Nuclear Monitor Issue: 
#703
6012
29/01/2010
Article

The last 'significant' amount of highly enriched uranium (HEU) research reactor fuel in Turkey has now been returned to the USA for secure storage, the US National Nuclear Security Administration (NNSA) has announced.

WISE Amsterdam - The return of the 5.4 kilograms of HEU fuel is part of the NNSA's Global Threat Reduction Initiative (GTRI), which the NNSA claims has now removed all significant amounts of HEU from 17 countries. According to NNSA, the removal of HEU eliminates potentially weapons-usable material from civilian sites, resulting in a permanent threat reduction.

The material was removed in cooperation with the Turkish Atomic Energy Authority (TAEK) and the Cekmece Nuclear Research and Training Center. TAEK took delivery of the French-made low-enriched fuel it needs to power its reactor in November 2009, and the HEU fuel was formally shipped on 14 December that year. The HEU fuel was packaged into an internationally licensed transport cask before being transported under armed convoy from the reactor site to a nearby port for onward shipment to the USA.

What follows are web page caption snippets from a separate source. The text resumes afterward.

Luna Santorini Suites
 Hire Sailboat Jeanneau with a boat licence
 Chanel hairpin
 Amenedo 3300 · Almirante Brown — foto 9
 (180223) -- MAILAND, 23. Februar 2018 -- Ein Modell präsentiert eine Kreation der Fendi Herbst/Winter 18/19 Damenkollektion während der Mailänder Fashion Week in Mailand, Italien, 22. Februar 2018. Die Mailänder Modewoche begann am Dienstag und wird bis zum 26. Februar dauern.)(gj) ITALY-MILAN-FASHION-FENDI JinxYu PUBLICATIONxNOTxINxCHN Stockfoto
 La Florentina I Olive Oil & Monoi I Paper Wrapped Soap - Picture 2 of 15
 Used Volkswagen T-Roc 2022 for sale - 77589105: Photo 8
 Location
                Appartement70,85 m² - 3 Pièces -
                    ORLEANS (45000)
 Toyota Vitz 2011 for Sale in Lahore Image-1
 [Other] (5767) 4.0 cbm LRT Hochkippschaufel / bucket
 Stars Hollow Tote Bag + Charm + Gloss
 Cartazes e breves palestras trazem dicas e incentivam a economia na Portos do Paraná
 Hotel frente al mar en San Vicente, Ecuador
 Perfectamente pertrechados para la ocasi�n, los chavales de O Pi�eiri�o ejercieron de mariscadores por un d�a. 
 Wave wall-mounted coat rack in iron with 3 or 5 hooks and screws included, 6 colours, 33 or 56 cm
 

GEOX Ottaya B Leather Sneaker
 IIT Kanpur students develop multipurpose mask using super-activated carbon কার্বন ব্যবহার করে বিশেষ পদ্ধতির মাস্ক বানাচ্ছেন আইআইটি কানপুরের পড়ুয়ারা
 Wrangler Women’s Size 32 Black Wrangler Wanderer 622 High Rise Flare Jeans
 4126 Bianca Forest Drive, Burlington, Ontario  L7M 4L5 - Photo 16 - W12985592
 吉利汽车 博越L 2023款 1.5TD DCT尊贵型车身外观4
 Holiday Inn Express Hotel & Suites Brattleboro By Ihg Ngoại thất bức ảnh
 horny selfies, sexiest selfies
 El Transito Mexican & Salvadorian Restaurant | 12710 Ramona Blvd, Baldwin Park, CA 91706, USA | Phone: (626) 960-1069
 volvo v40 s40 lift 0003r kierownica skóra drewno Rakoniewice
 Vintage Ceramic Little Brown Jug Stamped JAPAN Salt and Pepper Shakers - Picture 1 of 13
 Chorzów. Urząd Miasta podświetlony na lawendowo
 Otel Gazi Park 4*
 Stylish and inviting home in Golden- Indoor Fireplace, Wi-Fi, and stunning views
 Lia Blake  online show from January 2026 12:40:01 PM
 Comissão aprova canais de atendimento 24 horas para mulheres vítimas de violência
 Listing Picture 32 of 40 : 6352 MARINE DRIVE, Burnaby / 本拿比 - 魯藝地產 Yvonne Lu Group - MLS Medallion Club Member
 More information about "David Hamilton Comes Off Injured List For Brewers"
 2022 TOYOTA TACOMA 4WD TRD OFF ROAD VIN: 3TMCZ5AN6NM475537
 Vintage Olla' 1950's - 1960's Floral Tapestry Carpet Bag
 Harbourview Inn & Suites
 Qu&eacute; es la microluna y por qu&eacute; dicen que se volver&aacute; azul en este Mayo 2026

The amount of fuel needed to power a research reactor can be measured in terms of kilograms of uranium rather than the tonnes of low-enriched uranium fuel needed in a power reactor but it is higher in fissile uranium-235. This, in turn, makes it a potential nuclear proliferation risk - HEU fuel could theoretically be used to make a crude nuclear weapon. Since the late 1970s, international efforts have been under way to ensure that the world's research reactors would use fuel enriched to lower levels.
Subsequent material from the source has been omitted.